◆ Assigned task:
In the material below, pictures must be dropped. Repeat exactly, and only, the lines from the line with "Adult Inflatable Lobster" to the line with "Cat Litter Scoop, Aluminum", both ends included.

◆ Data:
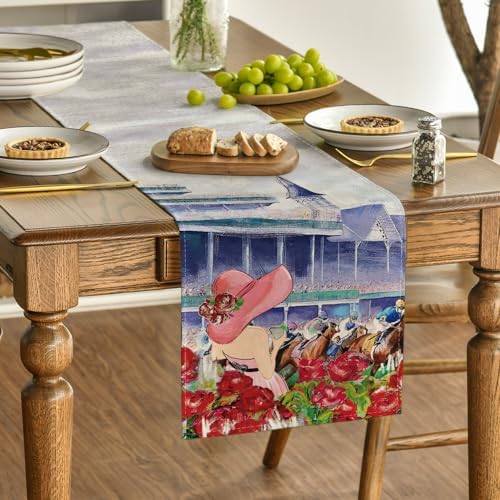 Artoid Mode Rose Horse Racing Castle Table Runner 13x90 Inch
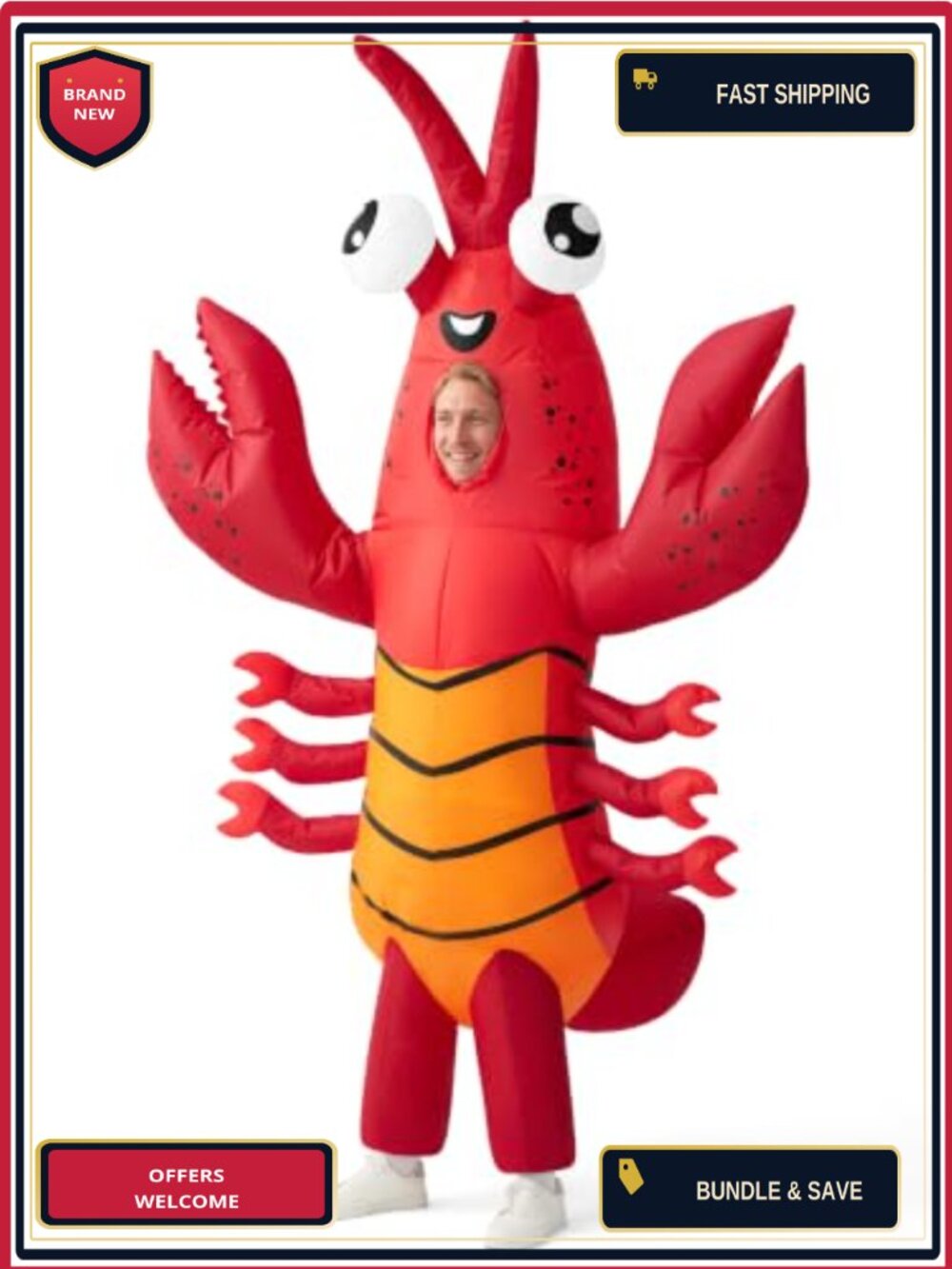 Adult Inflatable Lobster Halloween Costume Full Body Blow-Up Suit Large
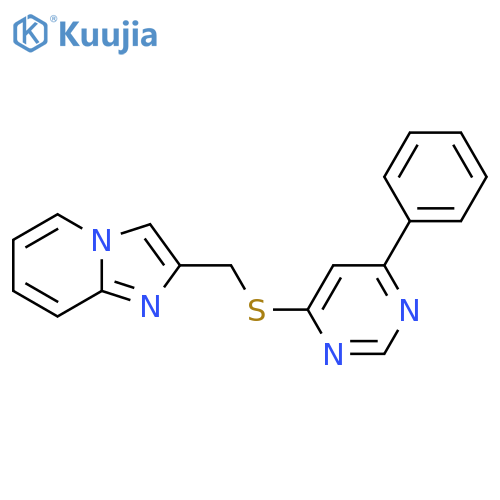 4-({imidazo1,2-apyridin-2-yl}methyl)sulfanyl-6-phenylpyrimidine structure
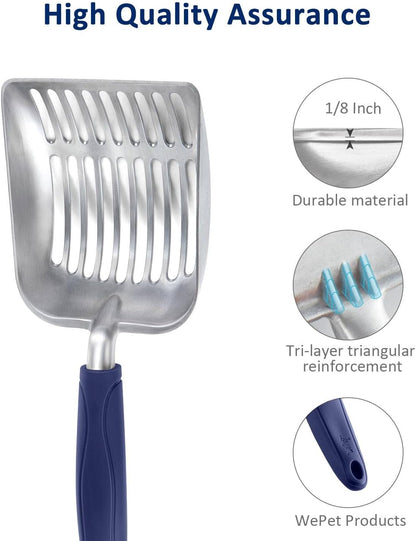 Cat Litter Scoop, Aluminum Alloy Sifter, Kitty Metal Scooper, Deep Shovel, Long Handle, Poop Sifting, Kitten Pooper Lifter, Durable, Heavy Duty, for Litter Box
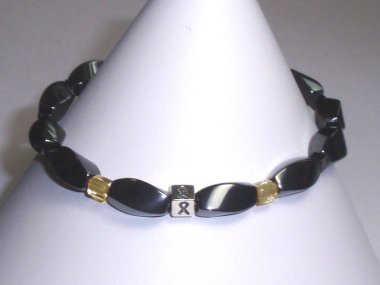 Colorectal Cancer Awareness Bracelet (Unisex/Stretch) - Gray With Brown Accent Cubes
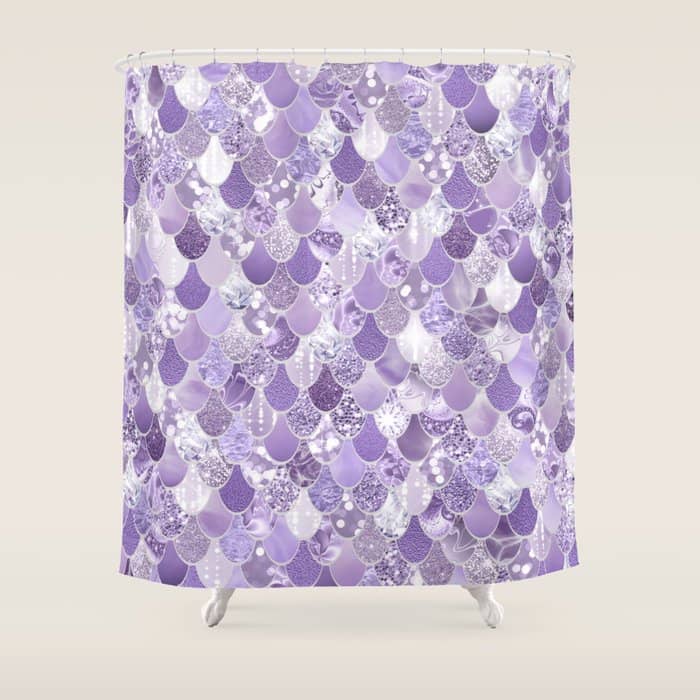 Mermaid Scales, Aesthetic Purple Shower Curtain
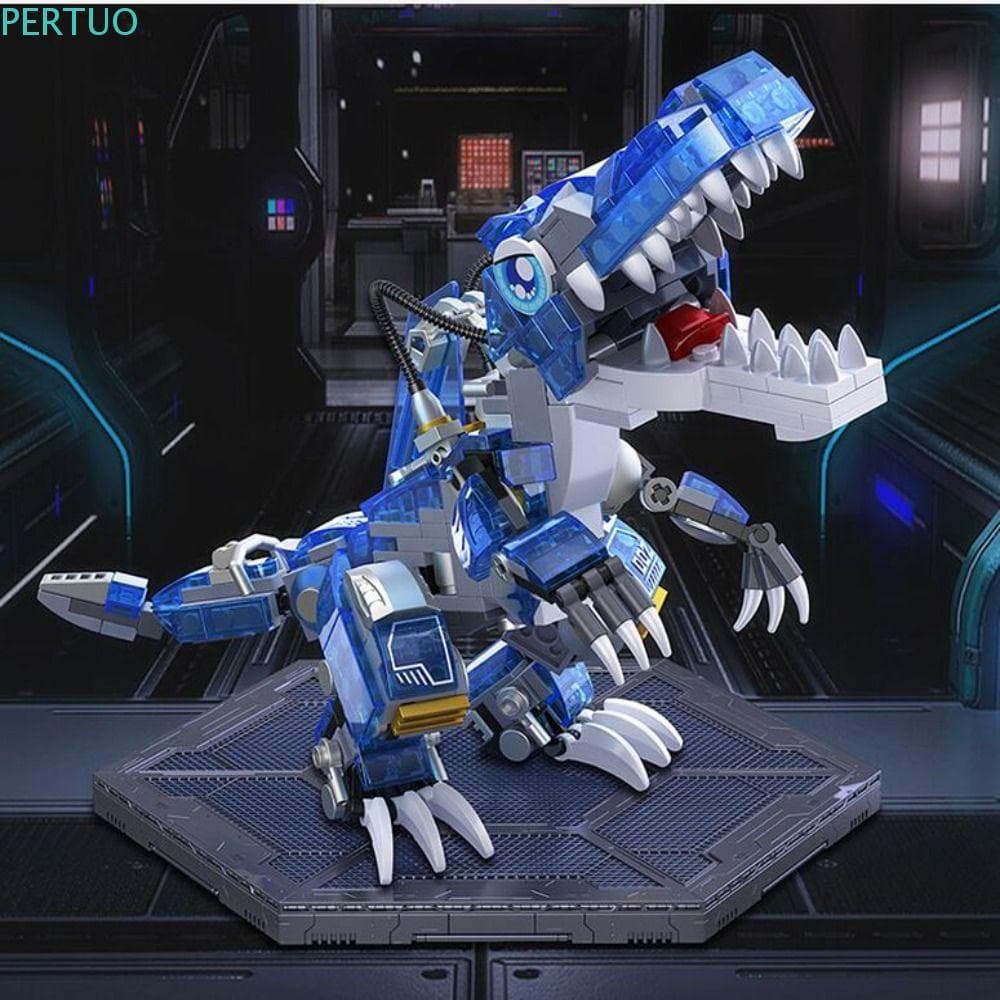 Bloco Mecânico De Dinossauros PERTUO , Brinquedo De Construção De Dinossauro Luminoso De Simulação Triceratops , Tiranos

◆ Result of this task:
 Adult Inflatable Lobster Halloween Costume Full Body Blow-Up Suit Large
 4-({imidazo1,2-apyridin-2-yl}methyl)sulfanyl-6-phenylpyrimidine structure
 Cat Litter Scoop, Aluminum Alloy Sifter, Kitty Metal Scooper, Deep Shovel, Long Handle, Poop Sifting, Kitten Pooper Lifter, Durable, Heavy Duty, for Litter Box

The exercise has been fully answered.